Editor’s Notes: As indicated by the last note in the story, this was the last published Greg-Jim story. His obituary was written by Greg in the previous week’s issue. After a week off, he returned with a story called “The Young Volunteer”, about a boy volunteering to be his new partner. Greg speaks with him suggesting that it is not that easy to find a partner.
“What kind,” he asked, as we fell in step, “of adventure do you think we could have?”
“My rule is,” I informed him, “just walk along and adventure will befall you.”

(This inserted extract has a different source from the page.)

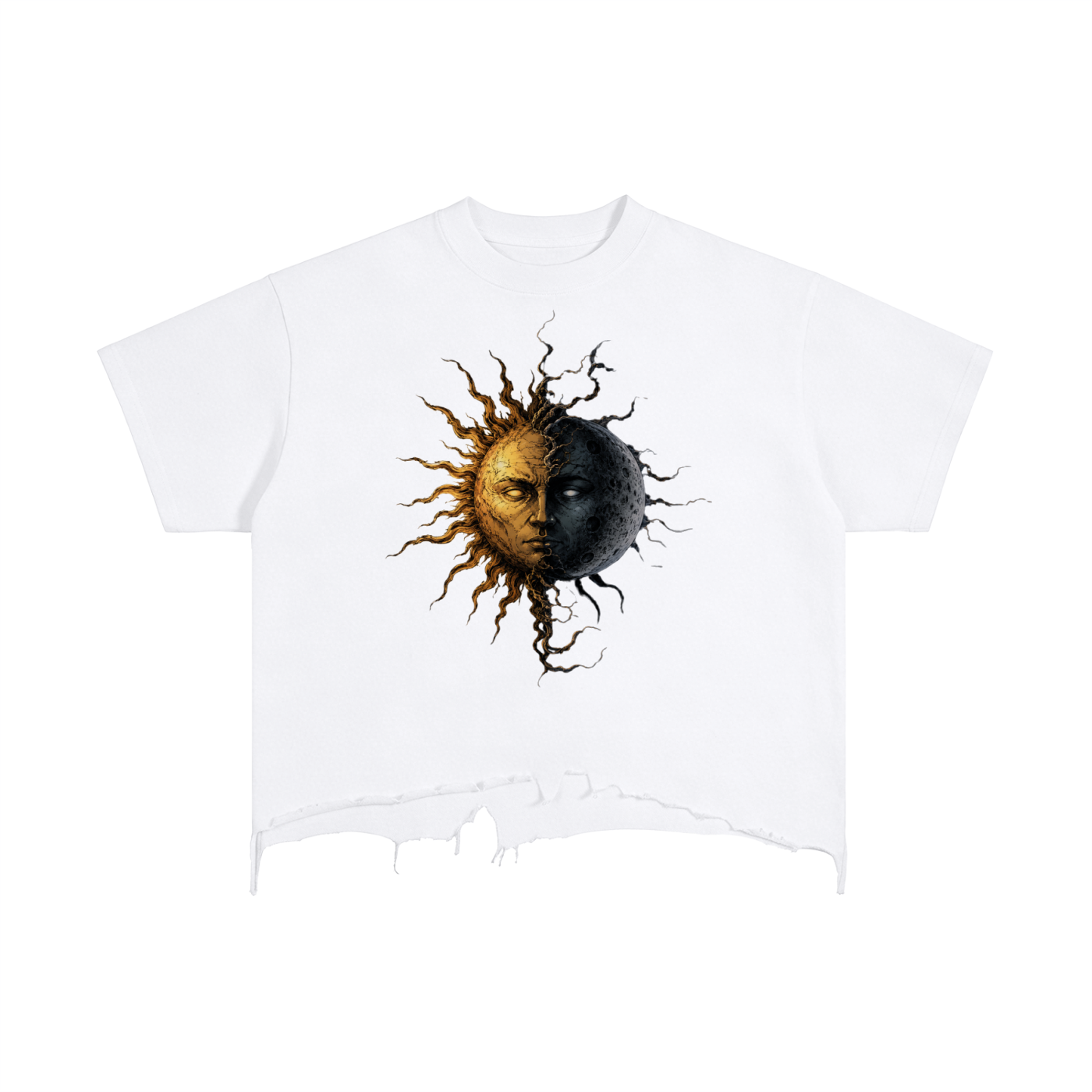 Half Sun/Half Moon Vintage Wash Boxy Distressed Hem T-Shirt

The next few weeks had stories illustrated by different artists until Duncan Macpherson became the regular artist on August 7, 1948. The new stories included fictional relatives and neighbours, and continued weekly until June 3, 1950, and then became infrequent, with Greg sometimes writing stories, and other times straight up reporting. Macpherson would eventually become a celebrated editorial cartoonist in Canada. The magazine and newspaper industry was undergoing rapid change due to changing consumer tastes and competition from television. The Montreal Standard ceased publication on August 18, 1951, and became “Weekend Picture Magazine” on September 8, 1951, and shortly after changed to “Weekend Magazine”. Greg’s stories in these publications were usually not illustrated, and were the basis for many of his books published in the 1950s and 1960s.
Weekend Magazine was distributed free of charge with 9 daily newspapers across the country in 1951. Weekend offered high-quality colour reproduction to advertisers, good photographs, feature stories and recipes to readers, and a profit-making supplement that boosted circulation for the newspaper publishers. By the 1960s Weekend Magazine was carried in 41 newspapers with a circulation over 2 million, and it was the most popular advertising vehicle in the nation. Colour television and the turn away from general-interest periodicals hurt the magazine, and it got thinner each year. By 1979 it had been merged with The Canadian, and in 1982 Today, the successor supplement, ceased publication.